It can be reproduced with:
$ gdb -q -batch a.out -ex "tui enable" -ex "shell touch a.out" -ex start
==28392== Invalid read of size 1
==28392== at 0x79E97E: lookup_global_or_static_symbol(char const*, block_enum, objfile*, domain_enum) (symtab.h:503)
==28392== by 0x79F859: lookup_global_symbol(char const*, block const*, domain_enum) (symtab.c:2641)
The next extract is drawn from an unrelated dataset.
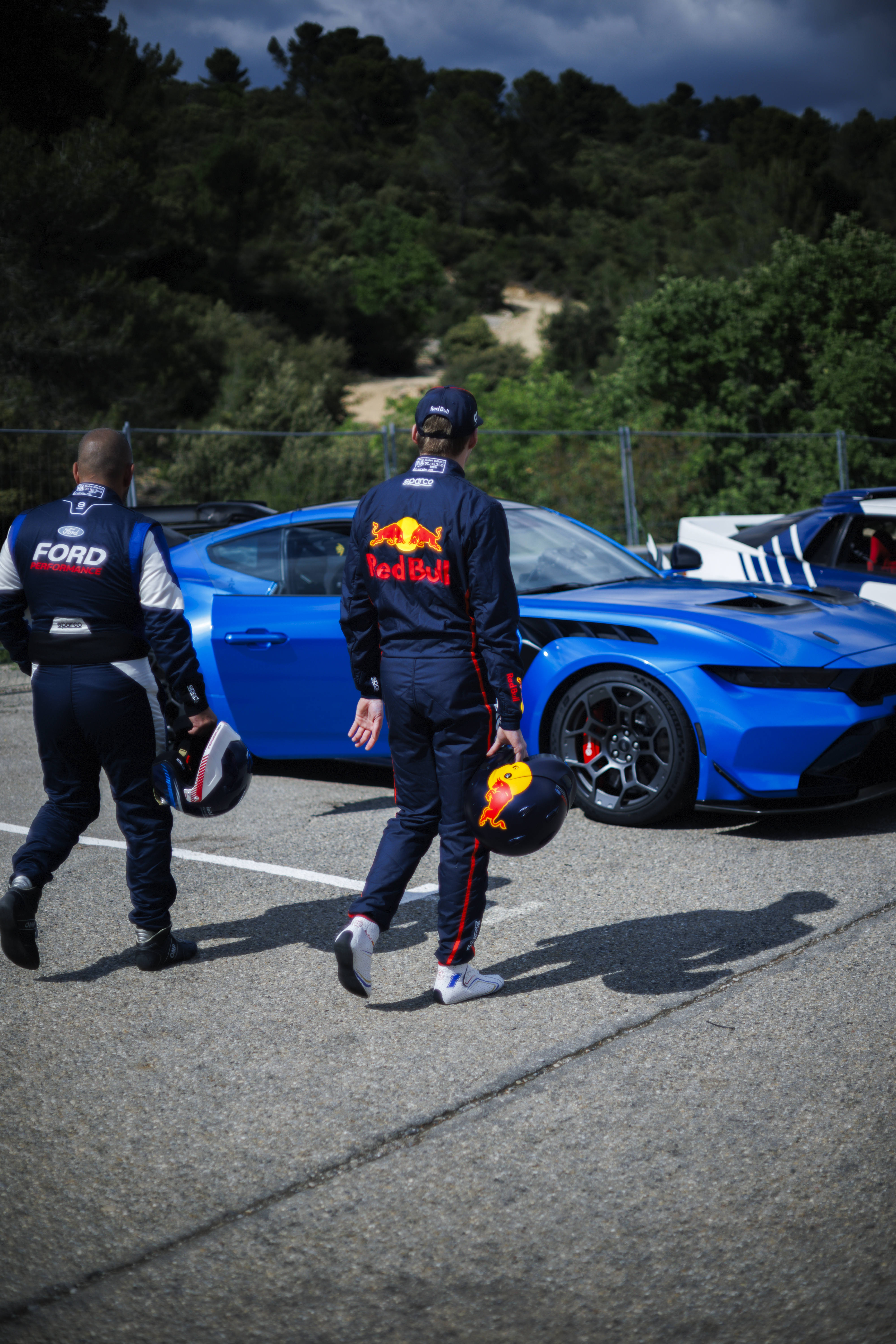Max Verstappen and Chris Harris are pictured during the Max Verstappen & Ford at Circuit du Sambuc on May 15, 2025 in Aix-en-Provance, France. (Photograph by Vladimir Rys)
==28392== by 0x79F8E9: language_defn::lookup_symbol_nonlocal(char const*, block const*, domain_enum) const (symtab.c:2473)
==28392== by 0x7A66EE: lookup_symbol_aux(char const*, symbol_name_match_type, block const*, domain_enum, language, field_of_this_result*) (symtab.c:2150)
==28392== by 0x7A68C9: lookup_symbol_in_language(char const*, block const*, domain_enum, language, field_of_this_result*) (symtab.c:1958)
==28392== by 0x7A6A25: lookup_symbol(char const*, block const*, domain_enum, field_of_this_result*) (symtab.c:1970)
==28392== by 0x77120F: select_source_symtab() (source.c:319)
==28392== by 0x7EE2D5: tui_get_begin_asm_address(gdbarch**, unsigned long*) (tui-disasm.c:401)
==28392== by 0x807558: tui_display_main() (tui-winsource.c:55)
==28392== by 0x7937B5: clear_symtab_users(enum_flags<symfile_add_flag>) (functional:2464)
==28392== by 0x794F40: reread_symbols(int) (symfile.c:2690)
==28392== by 0x6497D1: run_command_1(char const*, int, run_how) (infcmd.c:398)
==28392== Address 0x4e67848 is 3,864 bytes inside a block of size 4,064 free'd
==28392== at 0x4A0A430: free (vg_replace_malloc.c:446)
==28392== by 0x936B63: _obstack_free (obstack.c:280)
==28392== by 0x79541E: reread_symbols(int) (symfile.c:2579)
==28392== by 0x6497D1: run_command_1(char const*, int, run_how) (infcmd.c:398)
==28392== by 0x4FFC45: cmd_func(cmd_list_element*, char const*, int) (cli-decode.c:2735)
==28392== by 0x7DAB50: execute_command(char const*, int) (top.c:575)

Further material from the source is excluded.